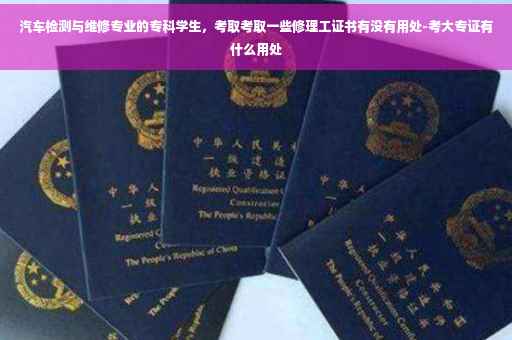 汽车检测与维修专业的专科学生，考取考取一些修理工证书有没有用处-考大专证有什么用处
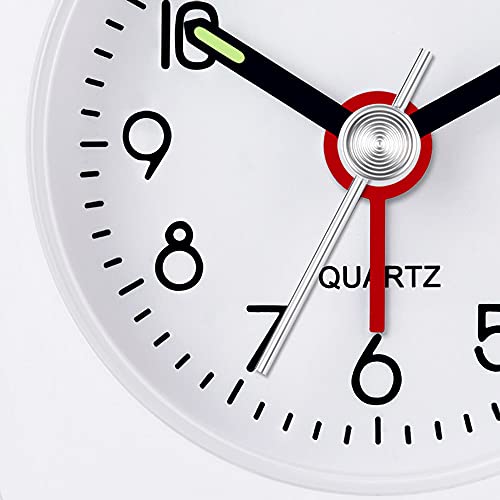 W Outwit Travel Analog Alarm Clock, 2.25 Inch, Ultra Small Clock With Snooze And Light Function, Super Silent Non Ticking, Battery Operated, Easy Setting #TOP6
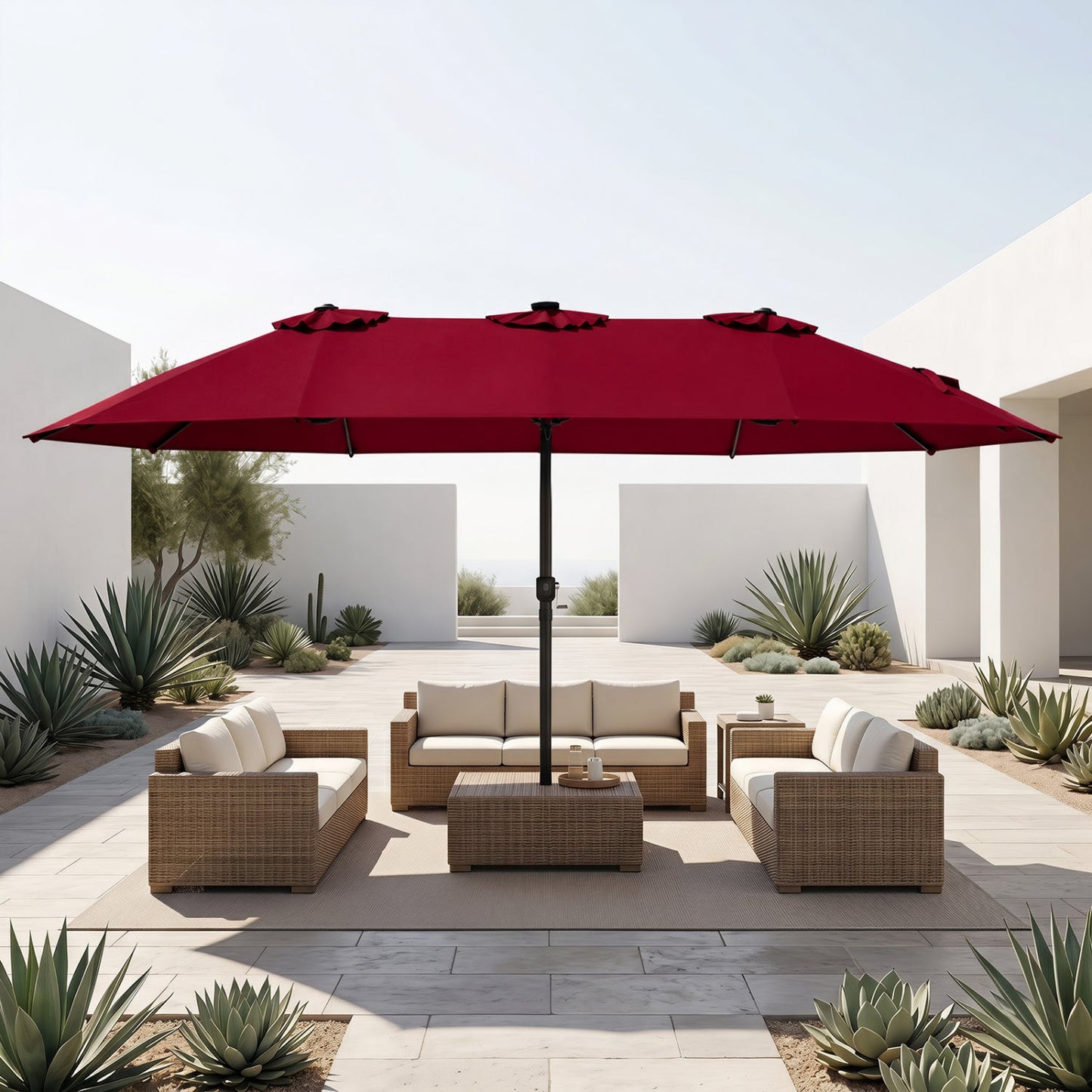 Patio umbrella DirectDeals 15.5 ft burgundy with solar LED lights and crank on Tampa Home & Garden Store
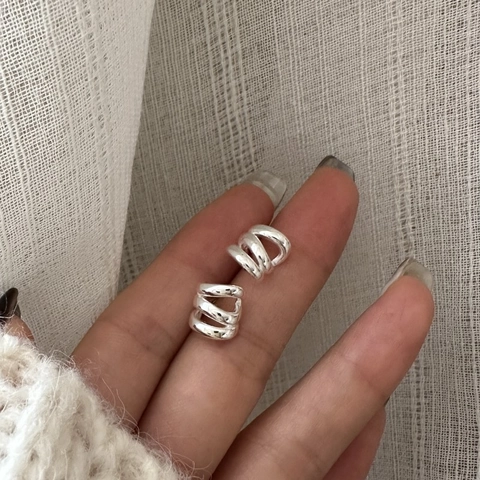 S925 Sterling Silver Triple Layer Arc Stud Earrings Minimalist Geometric Irregular Korean Style Jewelry For Women Gift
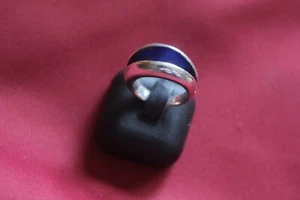 Sterling Silver 925 Ring 10.6g, Used Enamel - Picture 1 of 6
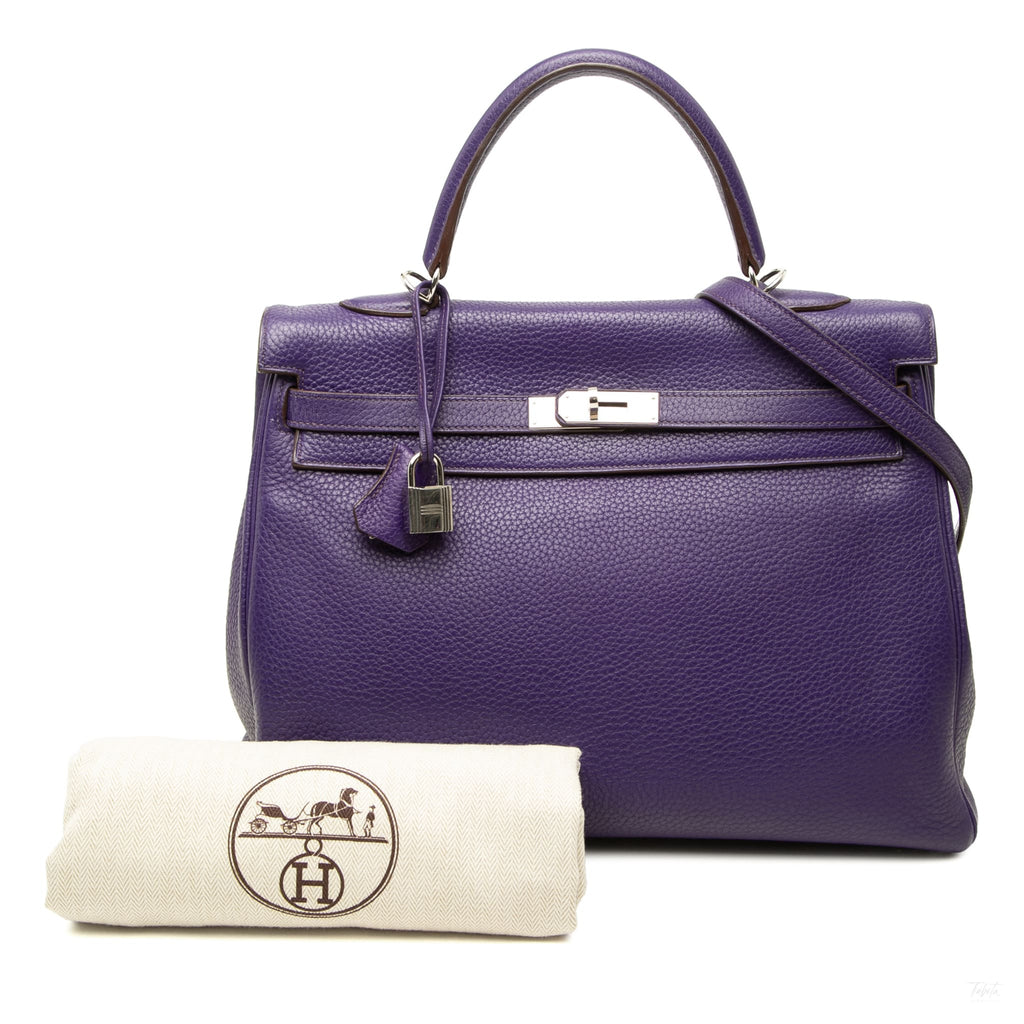 Second hand Hermes Kelly 35 Clemence Leather Top-handle Handbag Purple - Tabita Bags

● Work to be completed:
The reply should hold every record, unchanged, and no pictures.

● Response:
 汽车检测与维修专业的专科学生，考取考取一些修理工证书有没有用处-考大专证有什么用处
 W Outwit Travel Analog Alarm Clock, 2.25 Inch, Ultra Small Clock With Snooze And Light Function, Super Silent Non Ticking, Battery Operated, Easy Setting #TOP6
 Patio umbrella DirectDeals 15.5 ft burgundy with solar LED lights and crank on Tampa Home & Garden Store
 S925 Sterling Silver Triple Layer Arc Stud Earrings Minimalist Geometric Irregular Korean Style Jewelry For Women Gift
 Sterling Silver 925 Ring 10.6g, Used Enamel - Picture 1 of 6
 Second hand Hermes Kelly 35 Clemence Leather Top-handle Handbag Purple - Tabita Bags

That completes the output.